おいしい、というよりも
嬉しいのと感謝の気持ちを込めていただく感じ
食べ物の走り~旬~名残のハナシです。
まだ9月も上旬の頃だったでしょうか。魚売り場などにサンマがひょこひょこ顔を出すようになりました。皆が喜び勇んでサンマをどんどんカゴに入れているのを前に、魚売り場担当の方が
「今のサンマは走りですからね、走り。決して旬じゃありません」
と叫んでいました。
はっとしました。
食味だけを重視すると、やっぱり旬が一番その素材にとってのベストという気がします。だけど、ここは日本人。

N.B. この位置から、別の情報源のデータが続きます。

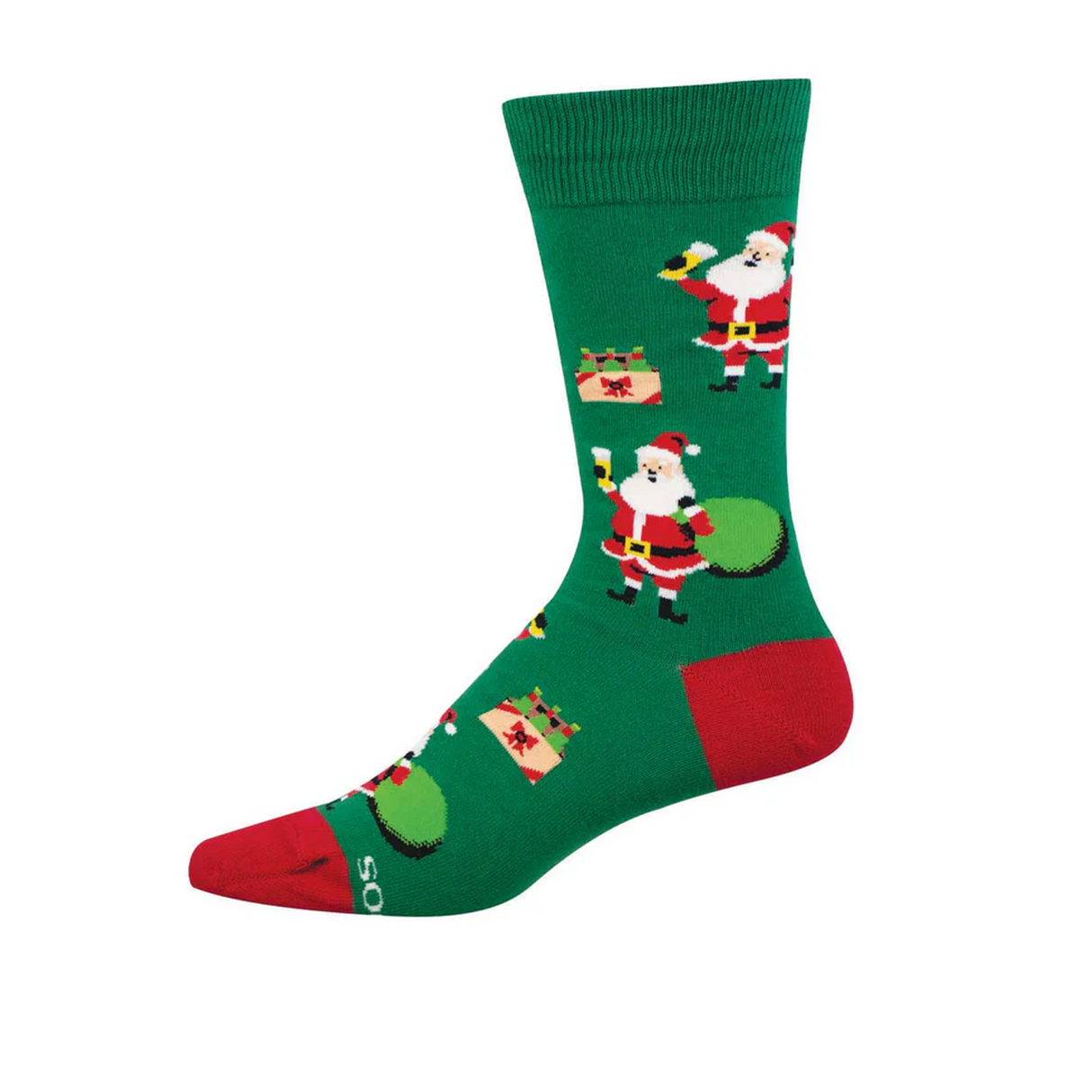 SockSmith Santa's Thirsty Crew Sock (Men) - Green Accessories - Socks - Lifestyle - The Heel Shoe Fitters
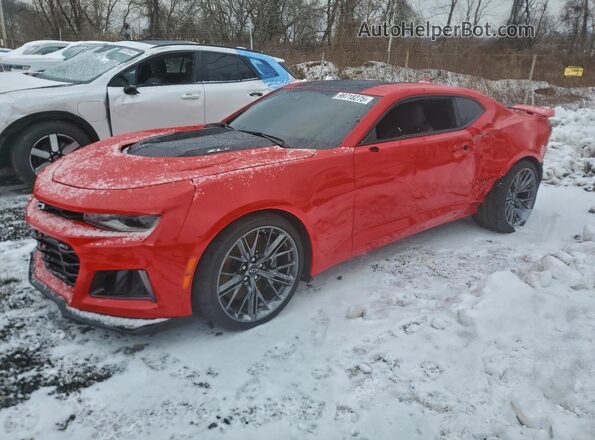 1G1FJ1R66N0101631 2022 CHEVROLET CAMARO Красный Передняя левая четверть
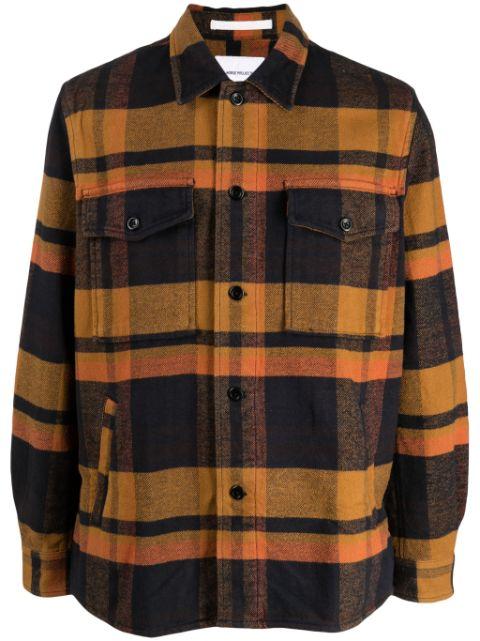 Julian plaid-check shirt jacket by NORSE PROJECTS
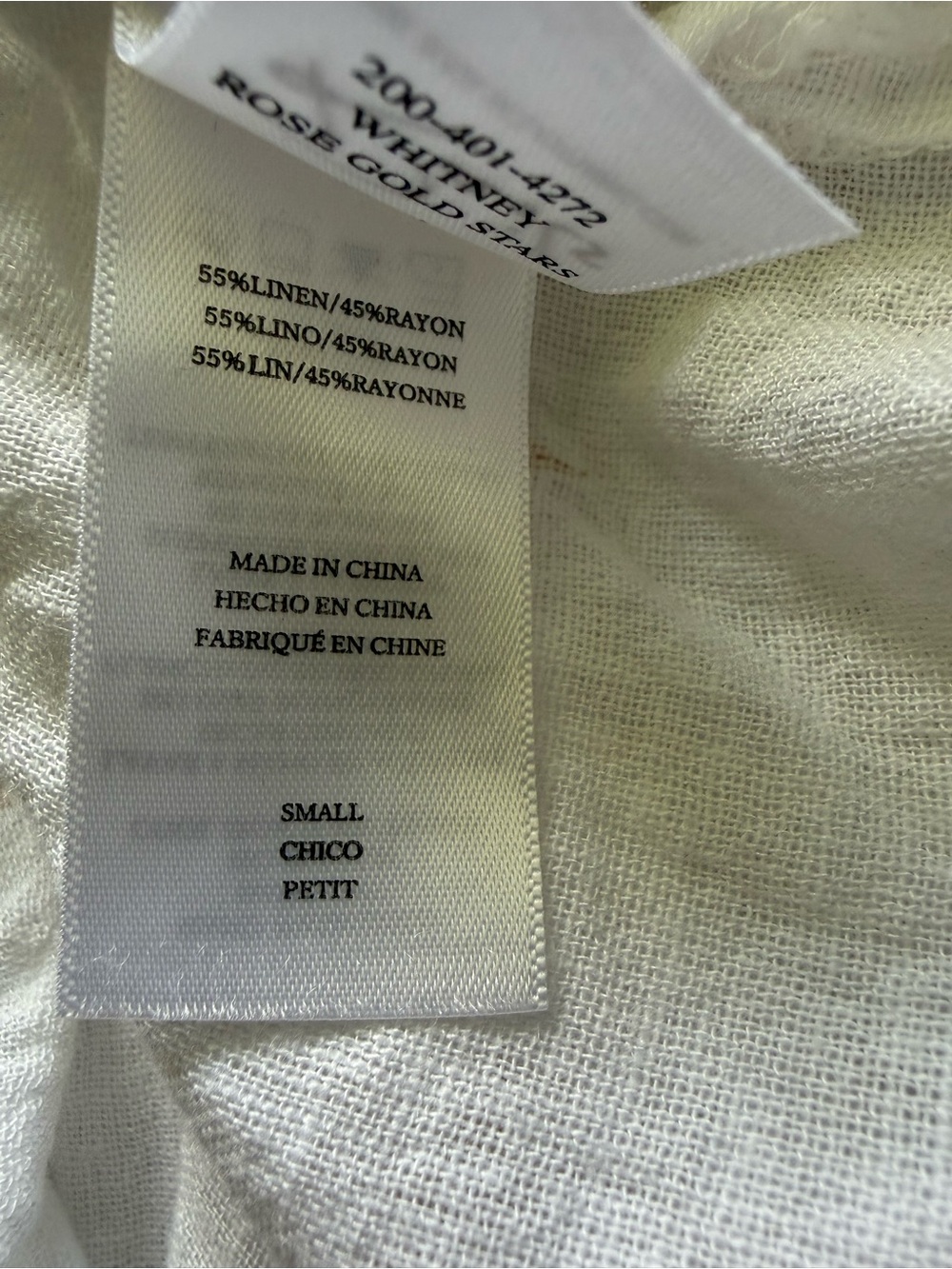 Rails Whitney Linen Blend Rose Gold Stars Top- S - Picture 11 of 11
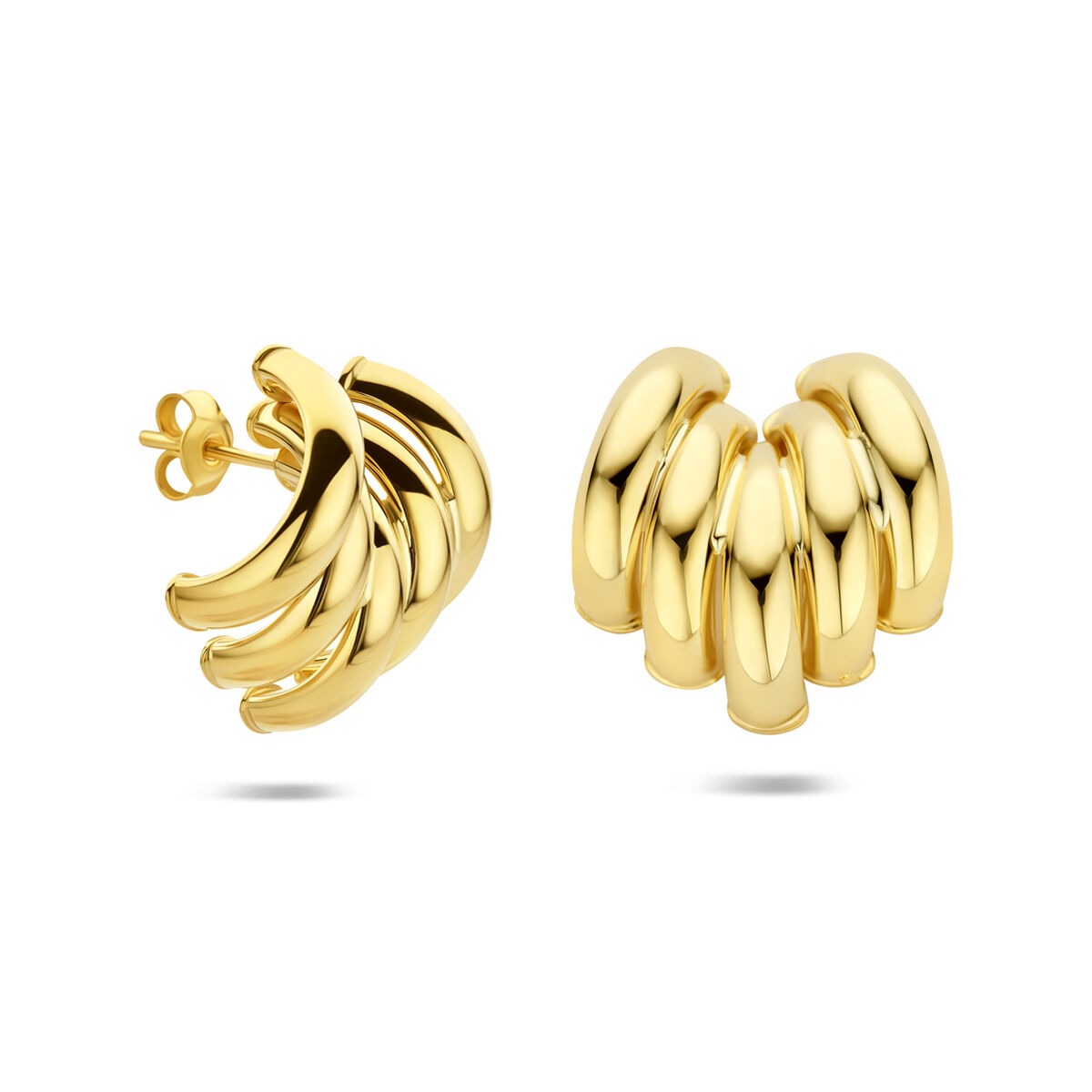 Créoles en or jaune 14k pour femme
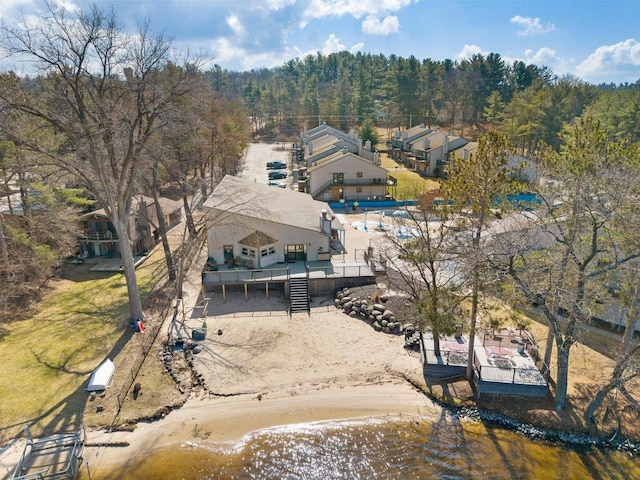 bird's eye view with a forest view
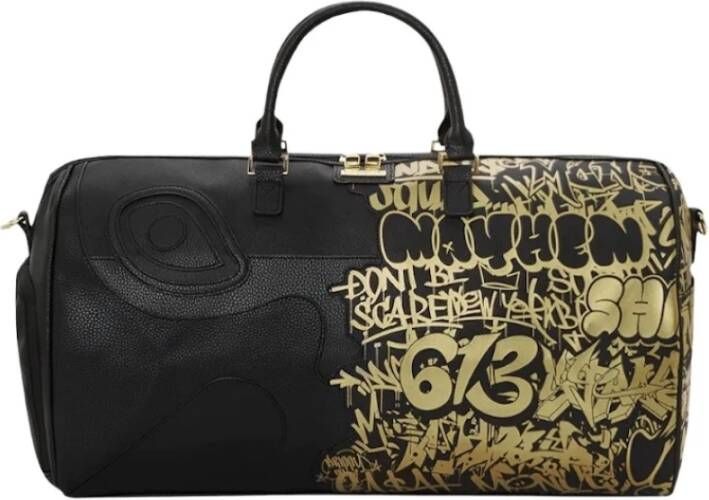 Sprayground Zwarte Koffers Black Dames
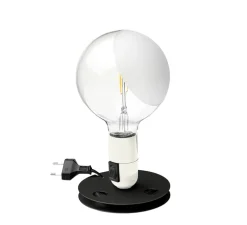 Lampe à poser, Lampadina, blanc, LED, 2700K, 200lm, Ø12,5cm, H24cm - Flos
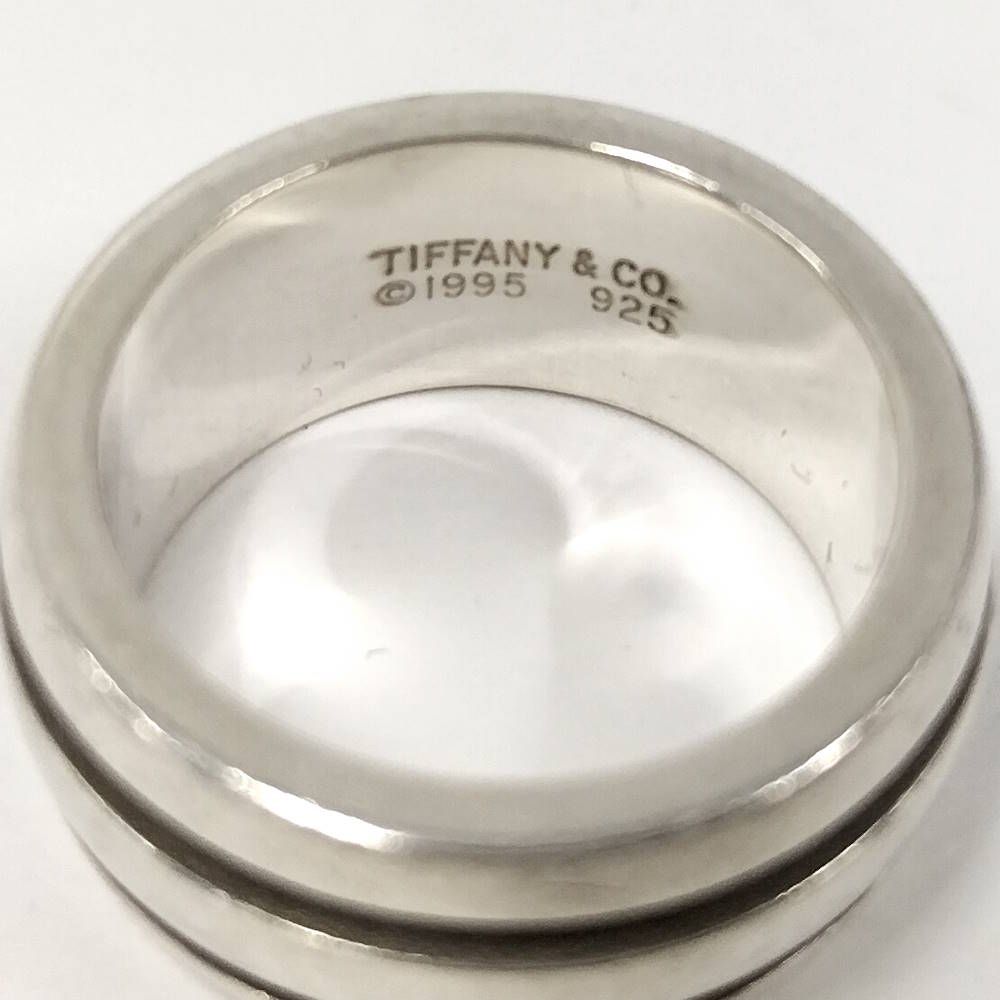 Tiffany & Co Grooved Double Line Ring Silver — view 8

今の時代になっても、通年手に入る食材ばかりではありませんから、久しぶりに会うその味覚が嬉しくて、走りの時期でもつい買ってしまう、そんなこともあるでしょう。
「待ってた、待ってたよ、君を!」
とでも声をかけたくなる感じ。でも、これはきちんと旬が残っている素材に対してだけ抱く感情でしょう。
今となっては通年手に入る、トマトやたまねぎ、じゃがいも、にんじんなんかに対しては特別な感情はわきません。もちろん、春先のじゃがいもやたまねぎ、トマトに対して心が躍るということはありますが。
そして、走りに対して名残。野菜・果物に関していうと、旬を過ぎて、ベストな食味ではないものも多くなっているものの、
「今を逃したら、また1年待たないと食べられない味なんだなぁ」
と思うと、つい手を伸ばし、そしてしみじみかみしめる、という具合になるのです。
私の場合、今だったらオクラやゴーヤなどの夏野菜の典型の面々でしょうか。または、プラムの類とか。
でも、行くものあれば来るものもあるわけで。
はい、早生みかんです。
しかも、極早生。
生粋のみかん好きの方からしたら邪道なのかもしれませんが、私は早生みかんが一番好きです。皮が真っ青で、甘みよりも酸味が際立っていて、こめかみにちょっと圧力をかける感じの味が。
きゅんとしたすっぱさに心が躍ります。
皮が薄くて、ぺたりと張り付いているところを、ちょっとまじめな顔してわしわしとむいて食べるのです。
こんな具合なので、年が明けた頃の、皮がふかふかしたみかんには興味がないのです。その頃になると、別なかんきつ類に心が奪われるようになるでしょうか。
私の野菜の師は
「早生にうまいもんなし!」
と断言していましたが、みかんに関してだけ言うと、
「みかんは早生に限る!」
と、静かに反撃したくなるのです。